Além da dieta, outras medidas nefroprotetoras incluem dosagem de bebidas alcoólicas, não fumar, não se automedicar, principalmente com anti-inflamatórios, e manter as doenças causadores sob controle.
Os altos níveis de incidência da insuficiência renal crônica e de mortalidade relacionada vêm alarmando a comunidade científica internacional nas duas últimas décadas. A incidência e a prevalência da IRC em estágio terminal têm aumentado progressivamente, a cada ano, no Brasil e em todo o mundo. “A prevalência das principais doenças que causam IRC aumenta com a idade. E a população brasileira está envelhecendo. Há uma expectativa de que o país viva uma verdadeira epidemia da doença”, acrescenta o nefrologista.
No Brasil, estudo realizado com todos os pacientes incidentes registrados na Base Nacional em Terapias Renais Substitutivas que iniciaram diálise entre 2000 e 2004 aponta o aumento nas prevalências (de 354 pacientes incidentes por milhão de população em 2000 para 431 em 2004). Todos os pacientes que sofrem de doença renal crônica devem ter em dia as vacinas mais importantes, como antipneumocócica polissacarídica, gripe, H1N1, hepatite A e B, a fim de evitar mais agressões ao organismo e aos rins.
Saiba mais - Terapia de diálise ou transplante
A fase de terapia de diálise ou transplante tem início quando restam ao paciente em torno de 20% da função renal. À medida que a função renal se aproxima de 10% é fundamental preparar o paciente para o tratamento de substituição da função renal. Nessa etapa, é necessário conversar com o nefrologista sobre as possibilidades de transplante ou de diálise. A partir daí é necessário realizar os exames para o transplante renal e/ou providenciar uma via de acesso para diálise. A realização desses procedimentos permitirá que o paciente tenha menos complicações quando for iniciar a diálise ou submeter-se ao transplante de rim.
Fases da doença
Fase 1: Integra pessoas que fazem parte dos grupos de risco para o desenvolvimento da insuficiência renal: diabéticos, hipertensos, indivíduos com histórico familiar de IRC, entre outros Resultado do exame de taxa de filtração glomerular: 90 mL/min
Fase 2: Trata-se de indivíduos que têm lesão renal em estágio inicial, mas mantém níveis seguros de filtração glomerular (TFG entre 60 e 89 mL/min)

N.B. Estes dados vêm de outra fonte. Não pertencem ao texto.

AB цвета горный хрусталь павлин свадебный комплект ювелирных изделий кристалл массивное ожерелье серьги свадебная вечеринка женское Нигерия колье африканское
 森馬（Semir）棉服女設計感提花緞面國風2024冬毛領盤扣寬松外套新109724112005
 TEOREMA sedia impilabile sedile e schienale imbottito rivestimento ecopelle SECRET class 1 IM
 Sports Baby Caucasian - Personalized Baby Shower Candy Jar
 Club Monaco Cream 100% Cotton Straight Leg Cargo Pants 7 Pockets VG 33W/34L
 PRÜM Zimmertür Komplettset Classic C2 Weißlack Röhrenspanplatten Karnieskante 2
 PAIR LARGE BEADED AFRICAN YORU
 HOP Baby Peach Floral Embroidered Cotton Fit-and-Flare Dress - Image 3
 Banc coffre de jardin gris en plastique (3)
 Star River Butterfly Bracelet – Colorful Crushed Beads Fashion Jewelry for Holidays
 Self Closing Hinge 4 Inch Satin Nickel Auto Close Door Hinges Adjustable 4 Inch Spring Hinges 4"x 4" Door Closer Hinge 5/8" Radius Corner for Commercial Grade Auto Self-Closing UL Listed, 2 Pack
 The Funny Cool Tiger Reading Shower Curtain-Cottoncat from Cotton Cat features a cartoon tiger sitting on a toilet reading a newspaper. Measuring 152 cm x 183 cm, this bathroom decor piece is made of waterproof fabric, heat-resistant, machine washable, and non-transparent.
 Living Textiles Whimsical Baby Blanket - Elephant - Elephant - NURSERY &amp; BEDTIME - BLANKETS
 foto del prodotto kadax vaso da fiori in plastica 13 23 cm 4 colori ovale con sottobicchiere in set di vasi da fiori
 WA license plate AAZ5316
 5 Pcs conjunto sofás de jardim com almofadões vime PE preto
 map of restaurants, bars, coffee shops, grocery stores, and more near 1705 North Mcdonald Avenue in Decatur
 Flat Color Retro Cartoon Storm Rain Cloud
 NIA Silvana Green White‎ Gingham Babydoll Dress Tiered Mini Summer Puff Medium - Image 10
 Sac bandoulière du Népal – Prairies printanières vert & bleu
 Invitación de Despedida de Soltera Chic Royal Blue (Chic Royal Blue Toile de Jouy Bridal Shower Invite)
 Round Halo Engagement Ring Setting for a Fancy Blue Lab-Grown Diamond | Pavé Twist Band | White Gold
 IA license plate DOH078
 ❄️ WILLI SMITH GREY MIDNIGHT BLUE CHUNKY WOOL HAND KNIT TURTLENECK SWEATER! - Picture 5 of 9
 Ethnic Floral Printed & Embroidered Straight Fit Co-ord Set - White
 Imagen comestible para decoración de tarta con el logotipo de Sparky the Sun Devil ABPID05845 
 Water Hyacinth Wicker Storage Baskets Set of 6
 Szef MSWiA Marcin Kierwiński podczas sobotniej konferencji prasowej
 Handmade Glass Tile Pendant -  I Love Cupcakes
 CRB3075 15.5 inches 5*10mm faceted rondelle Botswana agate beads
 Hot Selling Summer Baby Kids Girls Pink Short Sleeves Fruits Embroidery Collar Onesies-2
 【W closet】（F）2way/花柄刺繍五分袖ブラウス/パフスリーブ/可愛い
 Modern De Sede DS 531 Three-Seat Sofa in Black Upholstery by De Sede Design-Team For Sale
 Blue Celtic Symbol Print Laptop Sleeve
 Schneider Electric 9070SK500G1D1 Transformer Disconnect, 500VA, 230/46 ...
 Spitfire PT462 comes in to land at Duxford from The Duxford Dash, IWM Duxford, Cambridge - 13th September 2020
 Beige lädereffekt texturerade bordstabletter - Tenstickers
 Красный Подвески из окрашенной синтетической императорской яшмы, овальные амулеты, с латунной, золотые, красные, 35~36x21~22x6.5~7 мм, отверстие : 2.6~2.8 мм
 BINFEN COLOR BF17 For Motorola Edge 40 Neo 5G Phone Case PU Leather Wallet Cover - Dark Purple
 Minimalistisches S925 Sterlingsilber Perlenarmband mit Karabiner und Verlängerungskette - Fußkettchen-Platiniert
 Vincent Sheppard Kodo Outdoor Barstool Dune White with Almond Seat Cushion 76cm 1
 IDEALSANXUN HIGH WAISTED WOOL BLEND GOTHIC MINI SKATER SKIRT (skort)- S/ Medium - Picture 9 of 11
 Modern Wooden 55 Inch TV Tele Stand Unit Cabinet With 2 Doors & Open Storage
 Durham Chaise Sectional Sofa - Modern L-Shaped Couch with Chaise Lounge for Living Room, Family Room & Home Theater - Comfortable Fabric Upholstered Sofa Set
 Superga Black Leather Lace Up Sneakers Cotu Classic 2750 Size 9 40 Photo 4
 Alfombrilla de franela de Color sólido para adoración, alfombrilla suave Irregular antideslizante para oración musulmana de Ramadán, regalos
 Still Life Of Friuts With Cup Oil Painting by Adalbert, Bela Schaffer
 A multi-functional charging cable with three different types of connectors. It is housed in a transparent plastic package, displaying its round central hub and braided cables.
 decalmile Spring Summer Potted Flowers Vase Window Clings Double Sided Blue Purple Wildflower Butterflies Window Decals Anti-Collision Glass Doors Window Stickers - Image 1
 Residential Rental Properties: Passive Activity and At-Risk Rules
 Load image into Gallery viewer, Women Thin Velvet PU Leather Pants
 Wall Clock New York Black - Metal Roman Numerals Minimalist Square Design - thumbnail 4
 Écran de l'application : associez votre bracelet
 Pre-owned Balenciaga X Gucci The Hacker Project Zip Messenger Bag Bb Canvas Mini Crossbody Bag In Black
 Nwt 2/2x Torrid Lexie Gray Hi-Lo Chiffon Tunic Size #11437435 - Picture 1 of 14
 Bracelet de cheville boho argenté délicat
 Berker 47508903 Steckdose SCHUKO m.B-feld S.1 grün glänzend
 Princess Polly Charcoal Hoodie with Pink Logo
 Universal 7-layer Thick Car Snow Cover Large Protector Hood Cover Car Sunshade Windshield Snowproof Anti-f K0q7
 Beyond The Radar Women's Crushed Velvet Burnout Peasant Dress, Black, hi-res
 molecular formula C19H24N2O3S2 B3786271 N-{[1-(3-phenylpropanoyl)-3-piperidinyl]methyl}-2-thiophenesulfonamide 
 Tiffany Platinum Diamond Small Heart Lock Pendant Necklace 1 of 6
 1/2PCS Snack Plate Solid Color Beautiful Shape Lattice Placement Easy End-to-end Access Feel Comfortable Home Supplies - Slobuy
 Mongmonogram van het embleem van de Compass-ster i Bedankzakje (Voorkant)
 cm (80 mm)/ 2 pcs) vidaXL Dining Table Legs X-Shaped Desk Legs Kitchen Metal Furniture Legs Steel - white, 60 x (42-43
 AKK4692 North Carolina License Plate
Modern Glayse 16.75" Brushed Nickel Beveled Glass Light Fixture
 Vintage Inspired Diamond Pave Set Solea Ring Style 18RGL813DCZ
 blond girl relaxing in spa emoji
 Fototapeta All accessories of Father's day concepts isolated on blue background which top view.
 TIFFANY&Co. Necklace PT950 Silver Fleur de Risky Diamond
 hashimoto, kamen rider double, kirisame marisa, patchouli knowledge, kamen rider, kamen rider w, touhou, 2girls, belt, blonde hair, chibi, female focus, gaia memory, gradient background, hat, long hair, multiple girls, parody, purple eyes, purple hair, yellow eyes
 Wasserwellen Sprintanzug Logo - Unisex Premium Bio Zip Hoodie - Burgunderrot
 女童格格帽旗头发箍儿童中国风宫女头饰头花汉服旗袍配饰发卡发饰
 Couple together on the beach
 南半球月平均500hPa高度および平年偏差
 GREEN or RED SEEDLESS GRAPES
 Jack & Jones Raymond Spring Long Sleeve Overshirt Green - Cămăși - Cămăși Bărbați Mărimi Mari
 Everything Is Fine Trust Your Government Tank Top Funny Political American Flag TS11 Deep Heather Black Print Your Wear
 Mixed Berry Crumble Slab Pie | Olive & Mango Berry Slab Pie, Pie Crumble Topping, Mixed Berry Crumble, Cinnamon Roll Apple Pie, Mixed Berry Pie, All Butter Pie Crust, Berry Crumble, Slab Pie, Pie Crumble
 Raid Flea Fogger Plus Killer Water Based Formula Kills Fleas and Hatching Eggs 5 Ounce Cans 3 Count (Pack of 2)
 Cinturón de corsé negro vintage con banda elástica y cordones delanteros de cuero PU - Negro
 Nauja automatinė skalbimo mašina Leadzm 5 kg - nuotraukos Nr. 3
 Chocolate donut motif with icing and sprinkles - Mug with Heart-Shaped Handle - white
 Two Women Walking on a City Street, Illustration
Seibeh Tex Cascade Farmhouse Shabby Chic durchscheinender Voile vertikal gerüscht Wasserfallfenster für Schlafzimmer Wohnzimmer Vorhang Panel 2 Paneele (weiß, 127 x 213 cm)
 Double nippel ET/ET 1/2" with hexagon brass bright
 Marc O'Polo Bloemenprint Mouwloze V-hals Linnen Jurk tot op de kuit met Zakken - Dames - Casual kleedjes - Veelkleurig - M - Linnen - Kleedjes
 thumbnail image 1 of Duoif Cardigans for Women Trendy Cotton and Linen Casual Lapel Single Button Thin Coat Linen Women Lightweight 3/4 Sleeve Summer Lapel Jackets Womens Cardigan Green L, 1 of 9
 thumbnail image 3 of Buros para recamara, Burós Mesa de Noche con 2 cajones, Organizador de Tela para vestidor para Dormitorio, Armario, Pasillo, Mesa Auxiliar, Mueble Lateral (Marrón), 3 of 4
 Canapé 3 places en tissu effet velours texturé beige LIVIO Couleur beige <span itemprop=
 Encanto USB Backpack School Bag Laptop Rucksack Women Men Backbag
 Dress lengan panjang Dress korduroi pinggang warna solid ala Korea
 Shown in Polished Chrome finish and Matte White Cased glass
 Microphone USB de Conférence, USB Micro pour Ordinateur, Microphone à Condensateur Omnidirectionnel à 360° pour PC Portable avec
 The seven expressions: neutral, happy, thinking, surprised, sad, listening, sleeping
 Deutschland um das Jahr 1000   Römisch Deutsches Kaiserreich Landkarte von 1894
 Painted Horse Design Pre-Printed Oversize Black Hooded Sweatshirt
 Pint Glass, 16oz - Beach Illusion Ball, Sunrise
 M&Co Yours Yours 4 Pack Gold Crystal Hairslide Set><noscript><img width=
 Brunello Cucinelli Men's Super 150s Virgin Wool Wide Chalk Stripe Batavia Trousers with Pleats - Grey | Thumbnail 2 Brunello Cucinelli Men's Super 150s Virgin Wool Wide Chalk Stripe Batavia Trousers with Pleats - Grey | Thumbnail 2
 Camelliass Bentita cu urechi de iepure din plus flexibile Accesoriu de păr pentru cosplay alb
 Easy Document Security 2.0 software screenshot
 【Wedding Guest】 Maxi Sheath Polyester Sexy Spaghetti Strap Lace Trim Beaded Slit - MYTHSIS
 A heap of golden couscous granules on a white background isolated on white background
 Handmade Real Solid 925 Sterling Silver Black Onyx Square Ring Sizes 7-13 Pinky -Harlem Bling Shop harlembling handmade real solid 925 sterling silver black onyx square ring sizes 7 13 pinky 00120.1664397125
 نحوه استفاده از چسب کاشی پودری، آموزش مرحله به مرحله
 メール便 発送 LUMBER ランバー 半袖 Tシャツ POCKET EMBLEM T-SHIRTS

Fase 3A: Os rins ainda são capazes de manter o controle dos fluidos corporais. Entretanto, já apresentam perda de função, detectada apenas por meio de métodos eficientes de avaliação funcional (TFG entre 45 e 59 mL/min)
Fase 3B: O estado clínico do paciente é considerado bom, mas observam-se, por meio de avaliação laboratorial simples, alterações nos níveis de creatinina plasmáticos e de ureia. Nessa fase é comum os pacientes apresentarem somente sinais e sintomas ligados à causa básica: hipertensão arterial, lúpus, diabetes melitus e infecções urinárias. (TFG entre 30 e 44mL/min).
Fase 4: Paciente apresenta sinais e sintomas marcados de uremia, tais como sintomas digestivos, fraqueza, mal-estar, anemia, edema e hipertensão arterial. (TFG entre 15 e 29 mL/min)
Fase 5: O rim vem à falência, torna-se incapaz de regular o meio interno e configura-se perda significativa da função renal, incompatível com a vida. (TFG menor do que 15 mL/min).